Josienne Clarke fragt in „What Do I Do“ nach der Freiheit, alles zu dürfen
„What Do I Do“ ist die zweite Single aus dem kommenden Album „Far From Nowhere“ von Josienne Clarke – und wirkt wie ein offener Monolog über Selbstzweifel und Entscheidungsmüdigkeit. Statt klarer Antworten liefert der Song ein aufgewühltes Klangbild zwischen flirrenden Gitarren, Drum-Machine und innerer Unruhe. „What do I do if I can do what I want to?“ – die erste Zeile stellt direkt den Ton des Tracks: reflektierend, ungeschützt, ungeklärt.
Der Sound unterscheidet sich spürbar vom restlichen Material des Albums, das insgesamt minimalistischer produziert wurde. Der Track wirkt getrieben, aber nicht dramatisch – eher wie das vertonte Gefühl, vor einer Entscheidung zu stehen und nicht zu wissen, ob man sie überhaupt treffen will.
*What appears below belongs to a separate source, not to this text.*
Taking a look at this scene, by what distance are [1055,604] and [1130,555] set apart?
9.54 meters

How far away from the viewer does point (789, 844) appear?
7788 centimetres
Zwischen Performance und Selbstoffenbarung
Das dazugehörige Musikvideo zeigt Josienne Clarke in einem Setting, das klassische Musikvideoproduktion zitiert – und gleichzeitig auseinandernimmt. Gedreht wurde das Video von Alec Bowman Clarke, der auch den begleitenden Kurzfilm „Deluded“ realisiert hat. „What if I stop trying to be better?“ – die Lyrics treffen in Kombination mit der Bildsprache auf eine visuelle Ebene, die eher dokumentarisch als inszeniert wirkt.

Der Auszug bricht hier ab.